La moda dell’home restaurant tira anche in Italia. Solo nel 2014 ha fatturato 7,2 milioni di euro in Italia. Con ben 7mila cuochi social attivi nel 2014 ed un trend in ulteriore crescita per il 2015, lo scorso anno sono stati organizzati ben 37 mila eventi social eating, con una partecipazione di circa 300 mila persone e un incasso medio stimato, per singola serata, di 194 euro. I numeri emergono dal report realizzato da CST – Centro studi turistici per Fiepet Confesercenti e presentato durante il convegno Fiepet Confesercenti “Pubblici esercizi a confronto, quale futuro formativo” che si è svolto a Cesena.
Dal report appare chiaro come il web sia l’ecosistema degli home restaurant: dai social ai siti del proprietario dell’abitazione alle piattaforme dedicate al social eating, canali privilegiati per la promo-commercializzazione degli eventi. Tra le più diffuse a copertura nazionale: Gnammo.com, Le Cesarine, Peoplecooks.com, Eatwith.com, Vizeat.com e Kitchenparty.org.
L’età media del cuoco social è di 41 anni e il 56,6% è donna. Inoltre, il 53,8% è presente su almeno uno dei principali social e il 14,9% svolge attività extra correlate al settore del food.
Lombardia (16,9%) Lazio (13,3%) e Piemonte (11,8%) sono in testa tra le regioni in cui il fenomeno appare più diffuso. Milano si aggiudica, nel 2014, il primo posto tra le città in cui risiede la maggior parte dei cuochi social, con una quota pari all’8,4% del totale. Nel capoluogo lombardo si trova, infatti, il Ma’ Hidden Kitchen Supper Club, uno dei più noti e di maggior successo home restaurant d’Italia.
Mentre Roma raggiunge il secondo posto con l’8,2% dell’offerta. La realtà di riferimento nella capitale è Ceneromane.com, portale che aggrega in tempo reale gran parte delle proposte social eating dell’area.
Con una quota del 5,6%, Torino è la terza città più «social eating» in Italia nonché sede di Gnammo, la piattaforma che ha contribuito a diffondere il fenomeno in tutto il territorio nazionale. Uno dei tre co-founder della start-up torinese è pugliese e, non a caso, Bari e il Salento sono le due realtà più attive del Mezzogiorno. Le regioni del Sud, ad eccezione della Puglia, si caratterizzano per una discreta quantità di proposte, ma con scarso successo.

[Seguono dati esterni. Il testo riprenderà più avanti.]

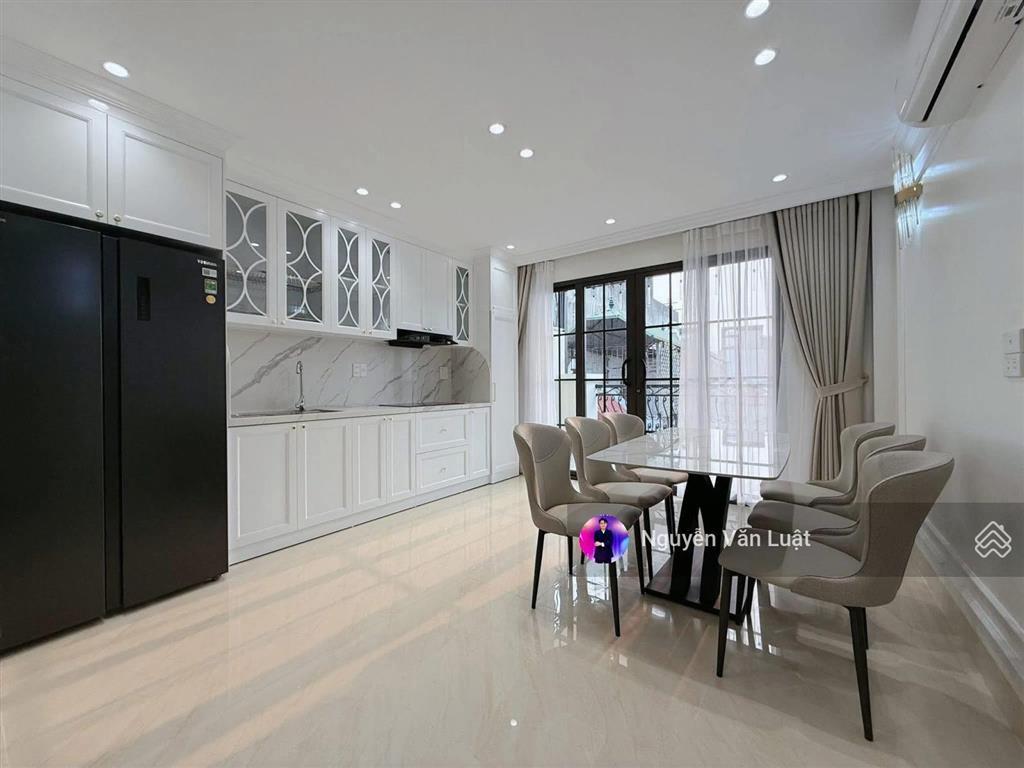 Tôi bán nhà xuân đỉnh 40m2 x 6 tầng thang máy cách phố 20m, trước nhà 3m , có 2 mặt thoáng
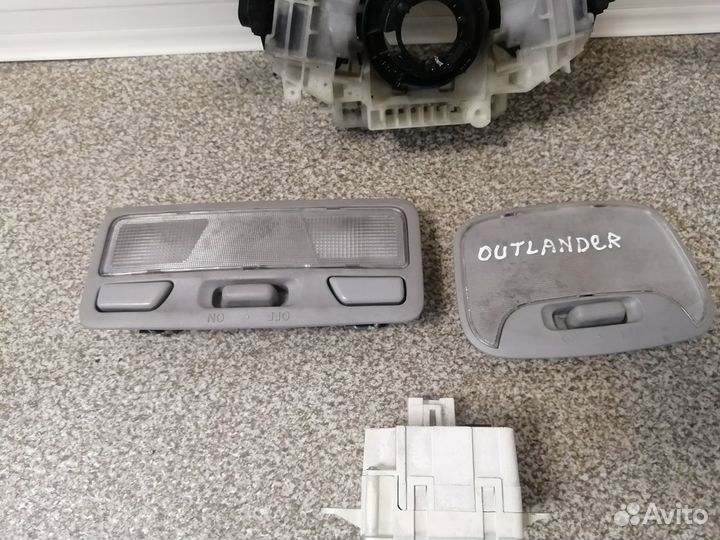 Переключатель подрулевой Mitsubishi Outlander CU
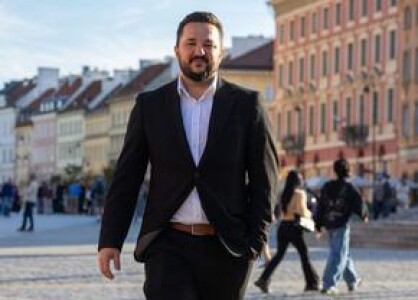 „Salariile sunt cu 20-30% mai mari aici! Poate mai mult!” » Un român ...
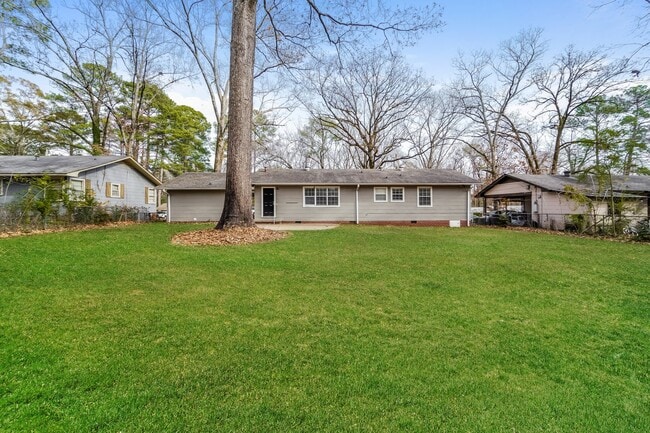 Building Photo - 3135 Bilgray Dr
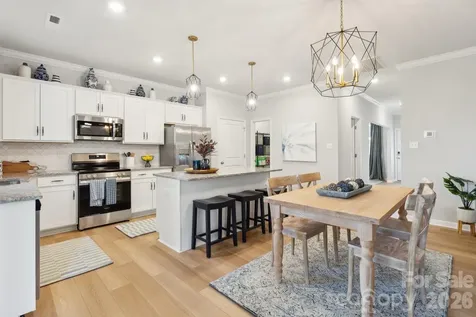 4025 Juno Drive Charlotte NC 28215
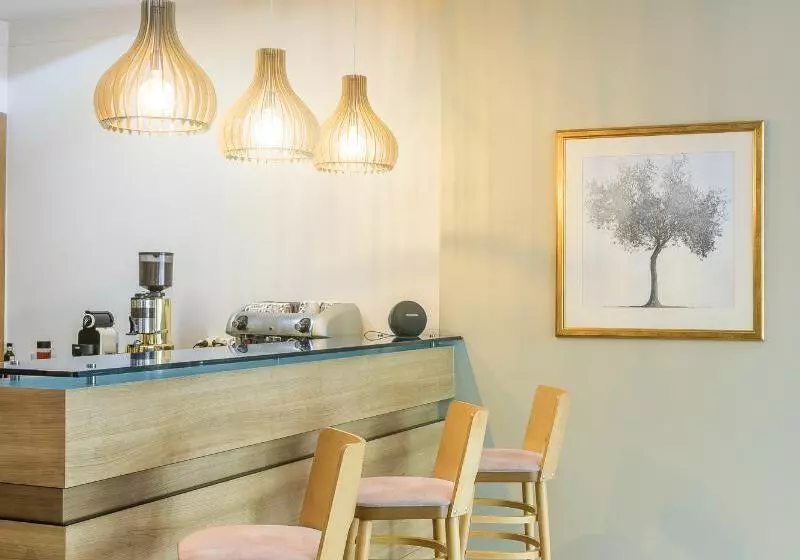 Fotos del hotel Athens Odeon:  6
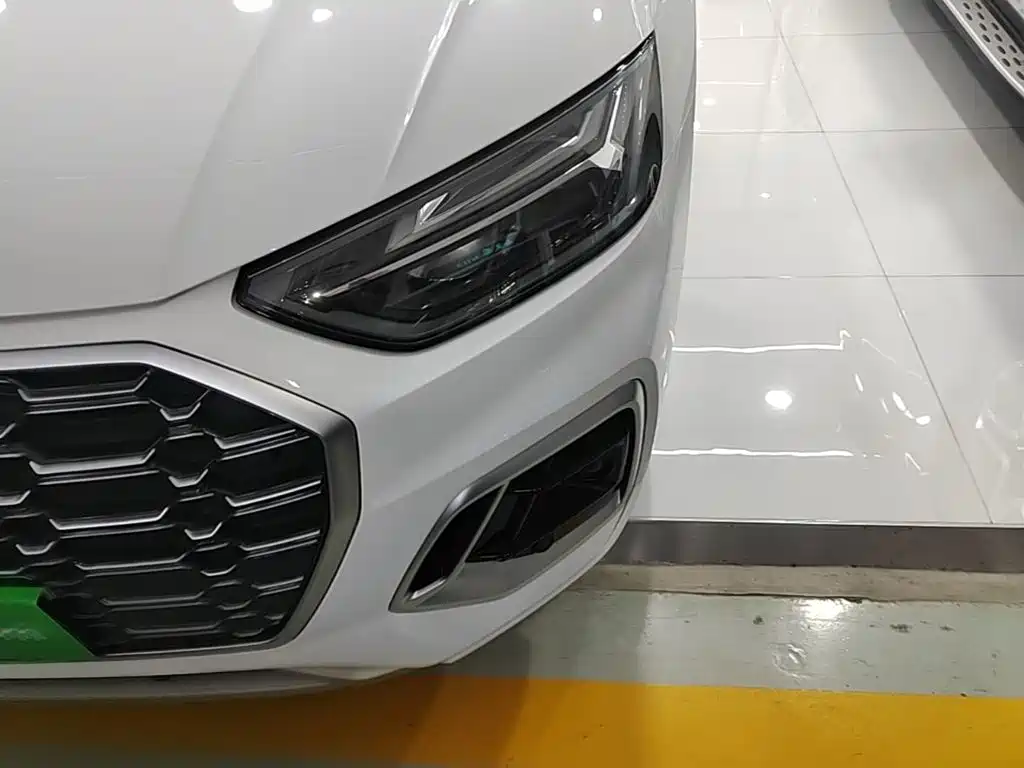 Audi Q5L — миниатюра 24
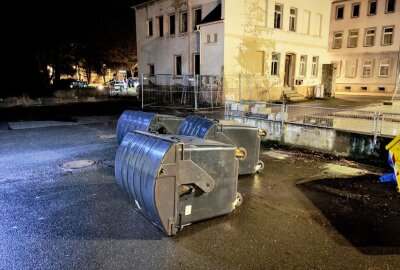 Auer Innenstadt: Randale, Drogen, Bedrohung und  Eingriff in den Straßenverkehr - Umgeschmissene Mülltonnen in der Auer Neustadt. Foto: Daniel Unger
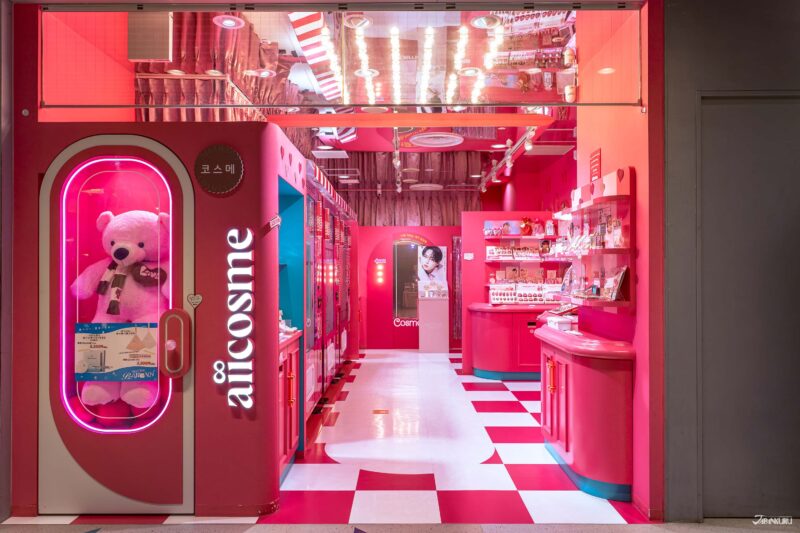 aiicosme, a Popular Cosmetics Shop in Osaka
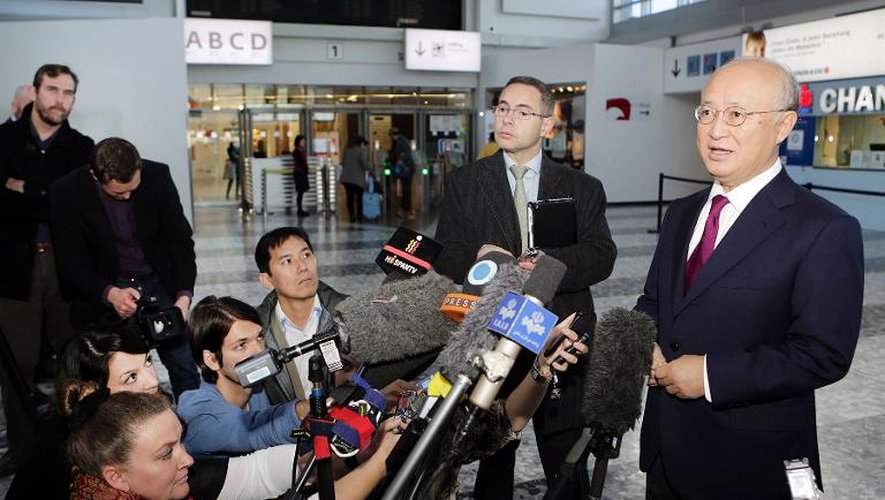 Le chef de l'Agence atomique de l'ONU, Yukiya Amano, répond aux journalistes avant son départ pour Téhéran, depuis l'aéroport de Vienne, le 10 novembre 2013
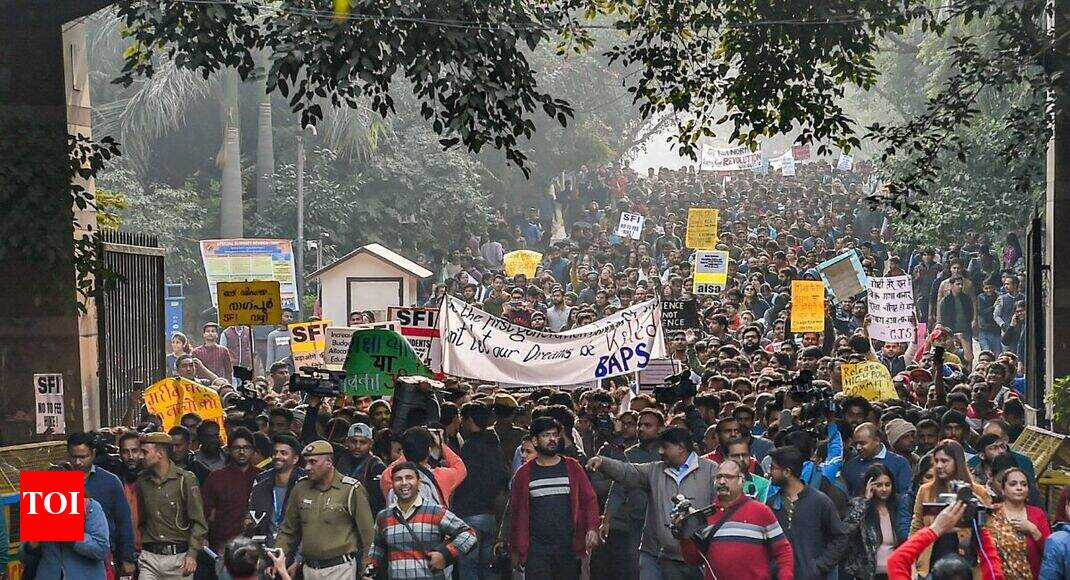 JNU stir: Police, students clash; traffic hit
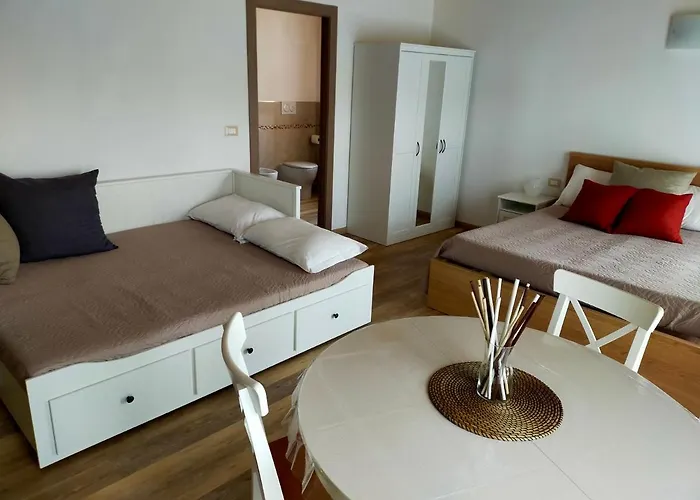 Cascina Ghitin Relais Casa rural Asti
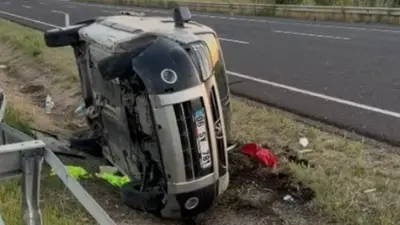 Ankara'da Refüje Çarpan Otomobil Takla Attı: 2 Yaralı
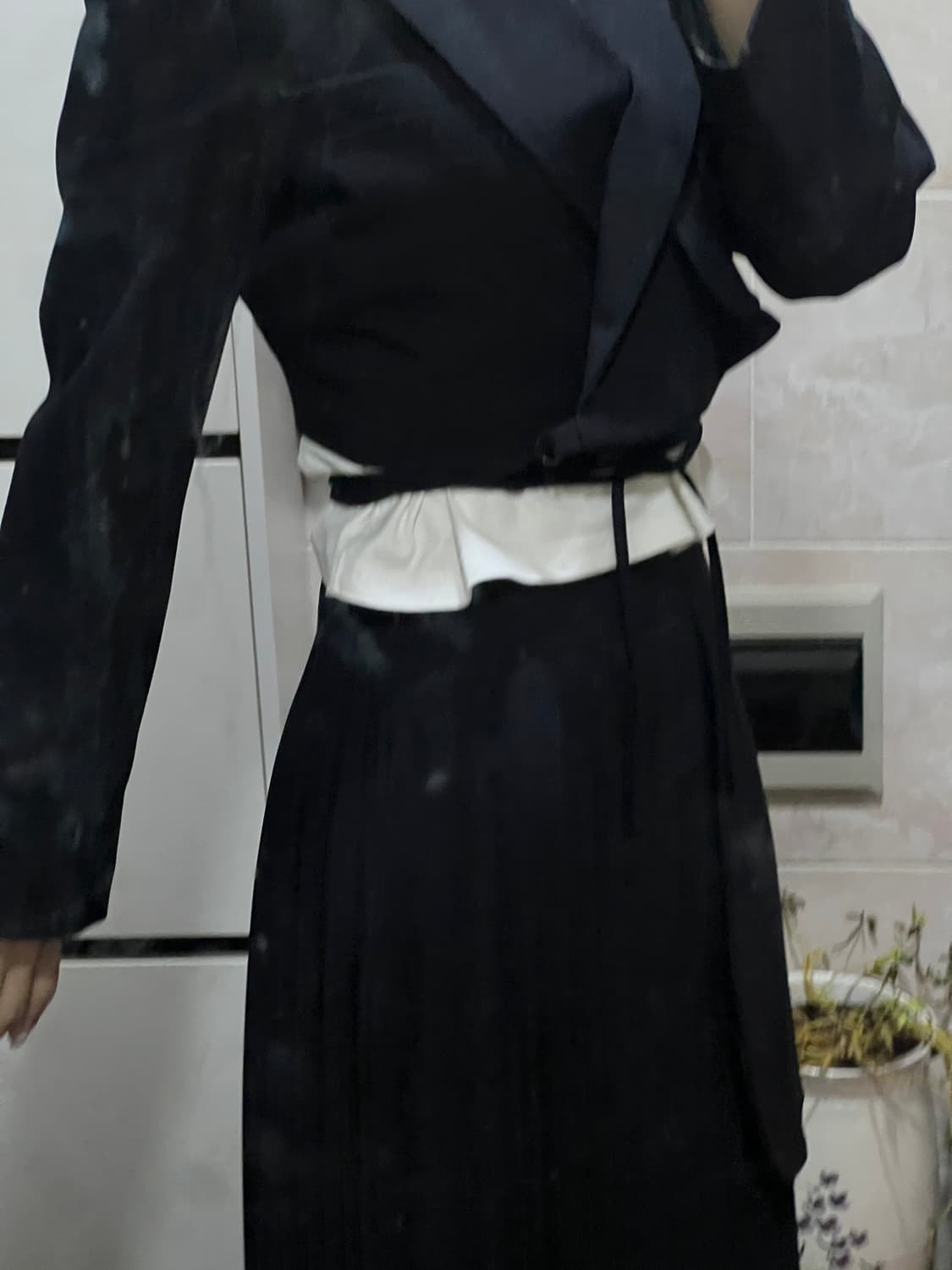 더에보니아이즈 투피스 셋업 네이비  상품이미지3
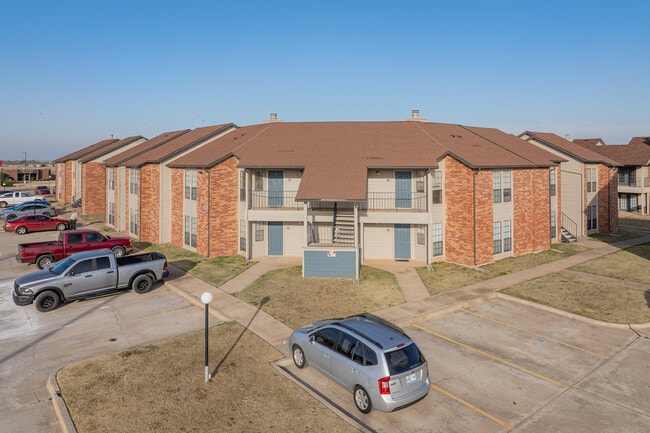 Country Club Apartments in El Reno, OK - Building Photo - Building Photo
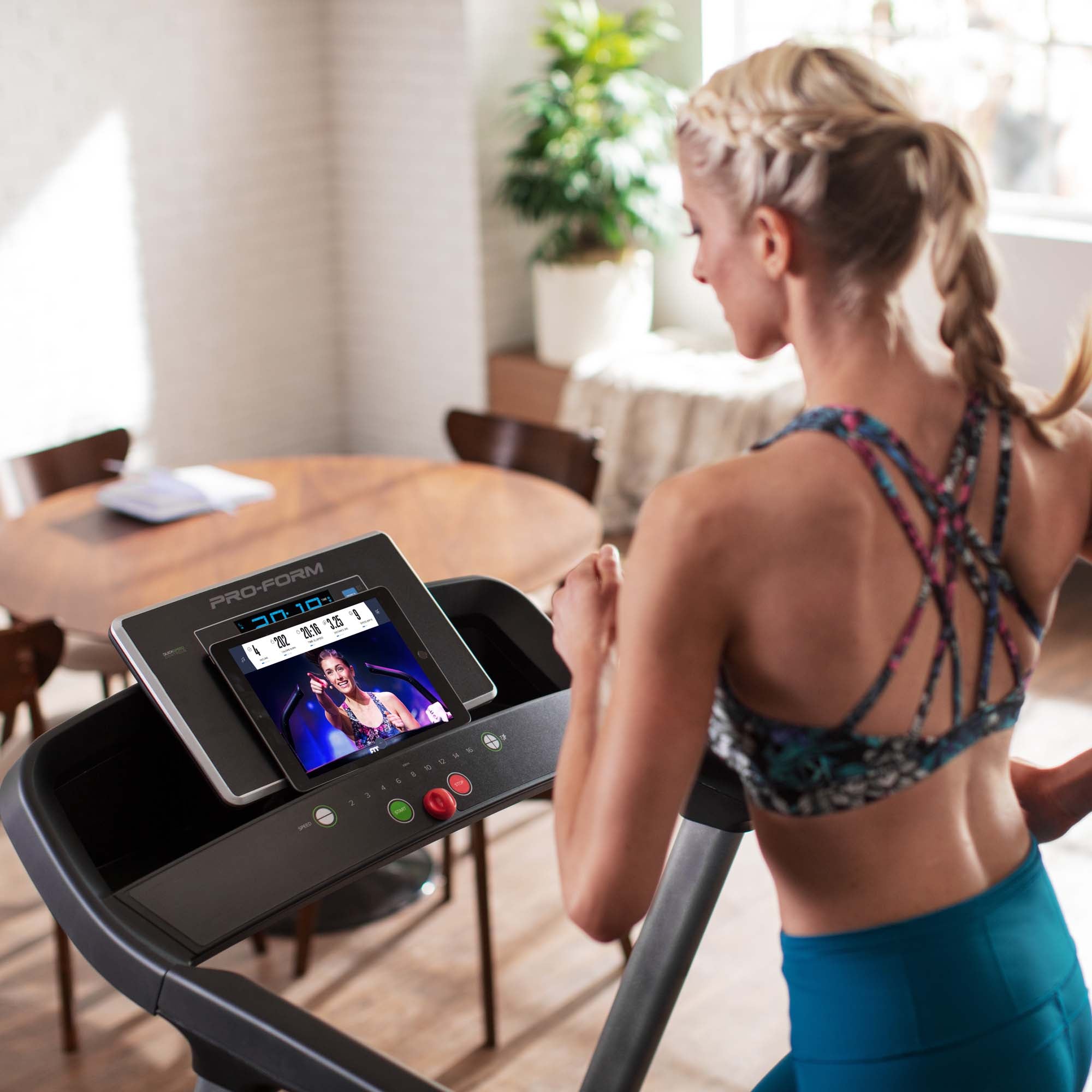 Proform 205 cst folding treadmill deals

Agli oltre 37mila eventi social eating organizzati nel 2014 hanno partecipato circa 300mila persone. La spesa media stimata è di 23,70 euro pro-capite. La Lombardia ha registrato il 24,6% degli ospiti. Seguono il Lazio (18,6%), Piemonte (15,8%) e Puglia (8,4%). Marginali le adesioni registrate nelle regioni del Sud, con quote in molti casi inferiori al 2%.
In Lombardia, Emilia Romagna, Marche, Umbria, Lazio, Puglia e Basilicata l’incasso è spesso superiore ai 200 euro. Viceversa, in Valle d’Aosta, Molise, Calabria e Sicilia l’incasso medio non supera i 150 euro. Ogni cook incassa in media 1.002,51 euro all’anno.
Le stime confermano, dunque, il primato della Lombardia, con una quota di circa 1,9 milioni di euro di fatturato, pari a oltre un quarto del fatturato totale. Introiti oltre il milione di euro si registrano anche nel Lazio (1,4 milioni) ed in Piemonte (1,1 mln).
Ma oggi home restaurant e social eating possono considerarsi ancora solo una semplice moda, una passione per aspiranti chef? Secondo il presidente di Fiepet Confesercenti, Esmeralda Giampaoli, “il fenomeno ha perso il suo carattere amatoriale assumendo sempre più un approccio imprenditoriale. L’home restaurant ed il social eating sono un legittimo fenomeno di mercato, ma occorre tracciare una linea di demarcazione chiara e netta tra ciò che definiamo sharing economy e ciò che invece è attività imprenditoriale a tutti gli effetti.
Da quanto emerge da un sondaggio condotto da SWG per Fiepet sui ristoratori, 9 imprenditori su 10 chiedono più regole, mentre 8 su 10 ritengono che allo stato attuale gli home restaurant sono una forma di concorrenza sleale per la ristorazione regolare e si corre il rischio di spianare la strada ad una ristorazione parallela composta da un esercito di imprese irregolari che esercitano al di fuori di ogni norma e controllo. Per questo troviamo preoccupante – conclude – che ci siano anche amministrazioni locali che danno supporto al fenomeno prima che si arrivi ad una regolamentazione chiara”.